There are a number of reasons why you would avoid it. Most importantly, it can take a really long time and there is no way to predict how long it might run or what the savings might be. Not exactly the kind of thing you want to subject the user too if the general performance profile is “good enough” (and it mostly is).
And this is a problem that really should be addressed in the database itself. SQLite should be responsible for appropriately recycling unused pages and generally optimizing the database file as it goes. By doing so, it should be able to amortize the potentially large cost of a periodic vacuum across each INSERT or UPDATE of the database.
And that is exactly what SQLite has done in more recent versions. SQLite now has an auto-vacuum feature that will cause the database to effectively stay “vacuumed” of free pages automatically and without need to periodically do a rather intrusive copy-and-fix operation.
It can be turned on or off on a per-database basis for optimization purposes. But only at database creation time. If you have a database into which data will only ever be added — a logging application, for example — you would likely turn off auto-vacuum as it will just incur overhead without ever being able to shrink the database.
There is another useful command you can use at the command line in a similar fashion. During the development of Tiger, I lived by this command as there were a couple of periods of time where the filesystem had embraced chaos when it came to writing data.
/usr/bin/sqlite3 ~/Library/Mail/Envelope\\ Index 'PRAGMA integrity_check'
'PRAGMA integrity_check' causes SQLite to walk the entire internal structure of the database and make sure everything makes sense (as much as possible). The 's at the beginning and end of the SQL stuff tell the shell (the thing in Terminal that interprets what you type, for all intents and purposes) to pass 'PRAGMA integrity_check' as a single argument to sqlite3 command, instead of breaking it into two arguments separated by a space. Now, sqlite3 could be smart enough to deal with this. But it isn’t. Such is the unix way.
SQLite’s integrity checker will look for out-of-order records, missing pages, malformed records, and/or corrupt indices. If there are none, the command emits a single line saying “ok” (sorry about the mistake before — chalk it up to an unfortunate Terminal related issue).
If you happen to execute the above command and it emits any output save for “ok”, recovering from the problem is really quite terribly easy for Mail.

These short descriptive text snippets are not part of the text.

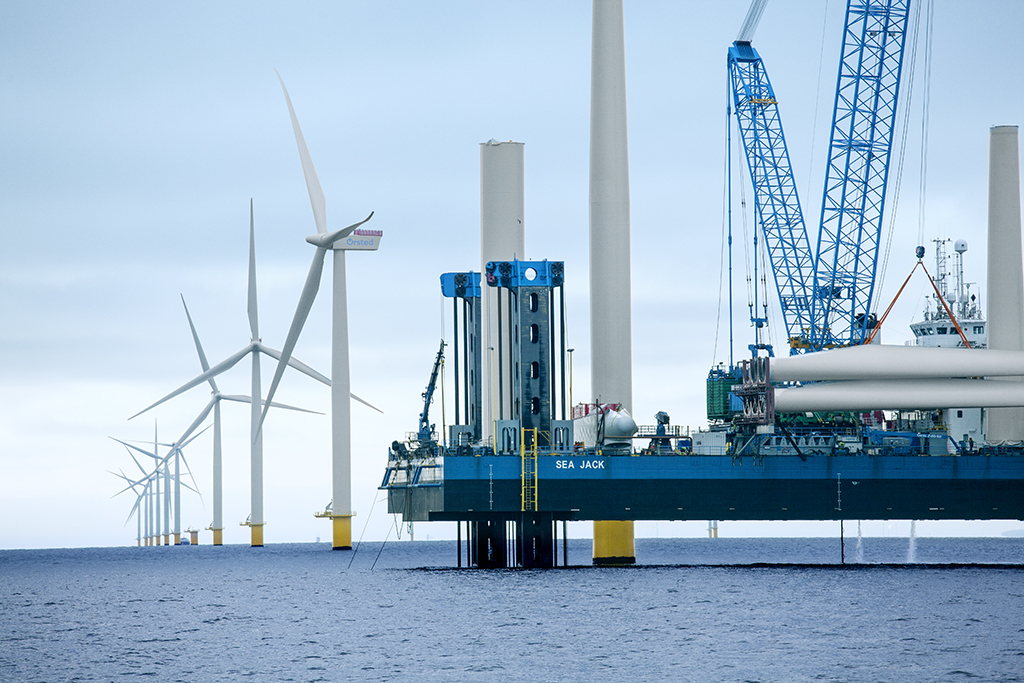 Large offshore wind turbines being constructed at sea with installation vessel and crane equipment visible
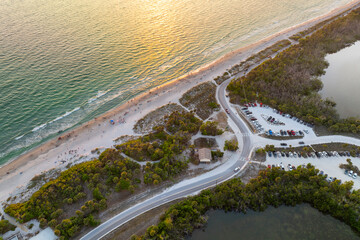 Wall Mural - Parking lot for tourists cars in front of ocean beach with soft white sand in Florida. Popular vacation spot at sunset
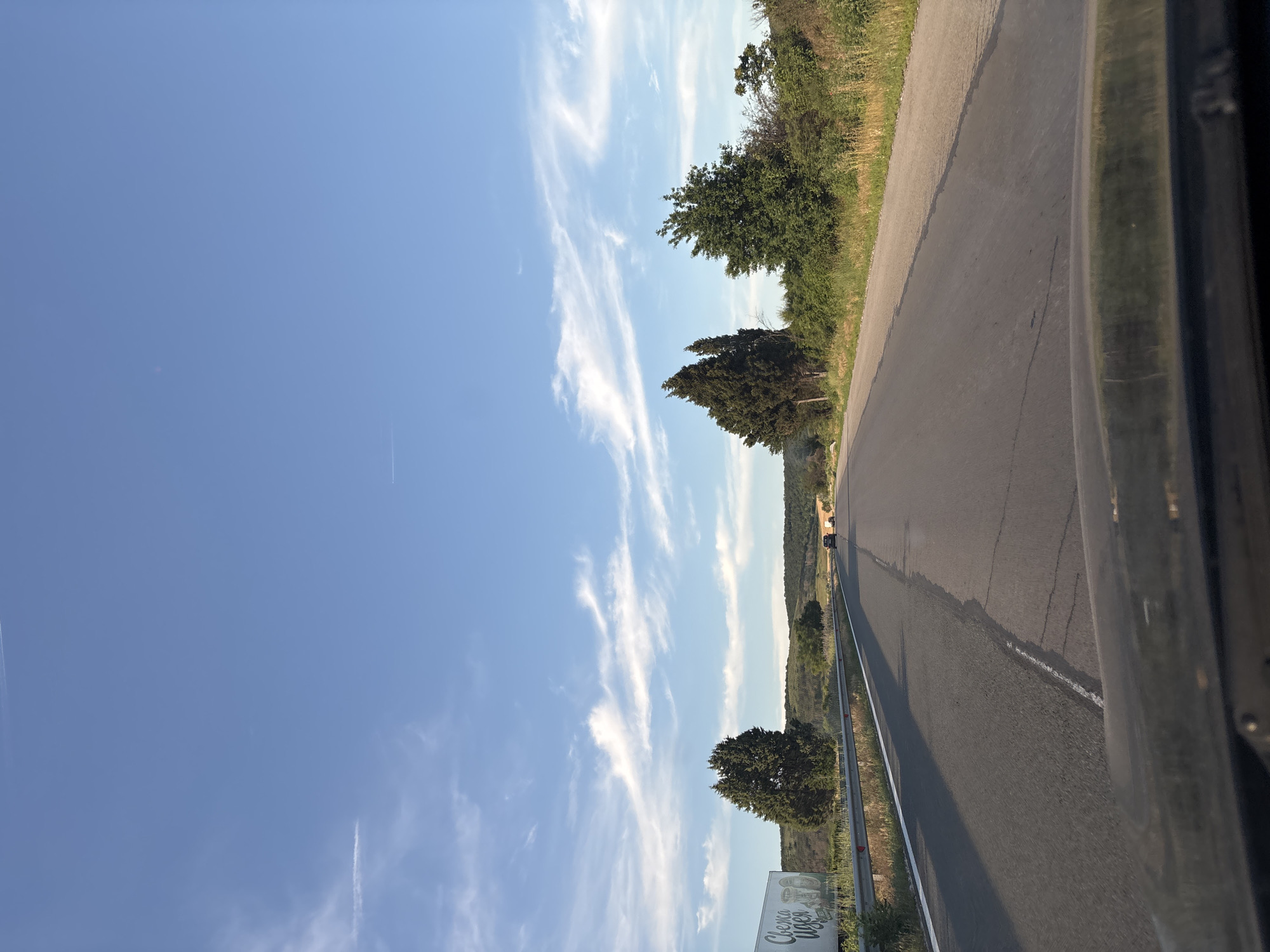 The image shows a view from a vehicle traveling on a paved road in Kipra, Bulgaria. The road stretches into the distance, with a slight curve to the right. On the left side of the road, a white guardrail separates the road from a grassy embankment and a billboard. Two cypress trees are prominent on the left, with a broader, leafy tree further down the embankment. The right side of the road is bordered by dense green vegetation and dry grass. In the distance, a small tunnel or underpass can be seen crossing the road, with vehicles approaching it. The sky is a clear blue with wispy white clouds, and two faint contrails are visible. The lower portion of the image shows the dashboard of the vehicle from which the photo was taken. The overall scene depicts a rural highway on a sunny day.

Just delete the Envelope Index:
rm ~/Library/Mail/Envelope\\ Index
When deleted, Tiger’s Mail will re-import all of the messages as if you just migrated from Panther. Nothing lost save for a bit of time, potentially quite a bit of time if you have a particularly large set of Mail.
Obviously, if a SQLite database contains unrecoverable data, the above would be a very bad idea. Recovering data in such a situation is very difficult.
Update: Yeah– I hate Unix. When I wrote the post, I had included the appropriate “\” escaping of all the commands and even called out why they are necessary. Apparently, either Wordpress or MarsEdit ate the damned slashes. Grr. Fixed. Thanks for pointing out the error.
BoingBoing has picked it up, perpetuating the incorrect command (works, but the table name is not necessary — no big deal). The hawk wing site now has a couple of scripts that nicely automate the process.
Of course, this will work for any SQLite application that uses the built in SQLite on Tiger and does not periodically vacuum it. For example, Steve Weller has tossed together a script to update the sqlite database in Aperture’s library.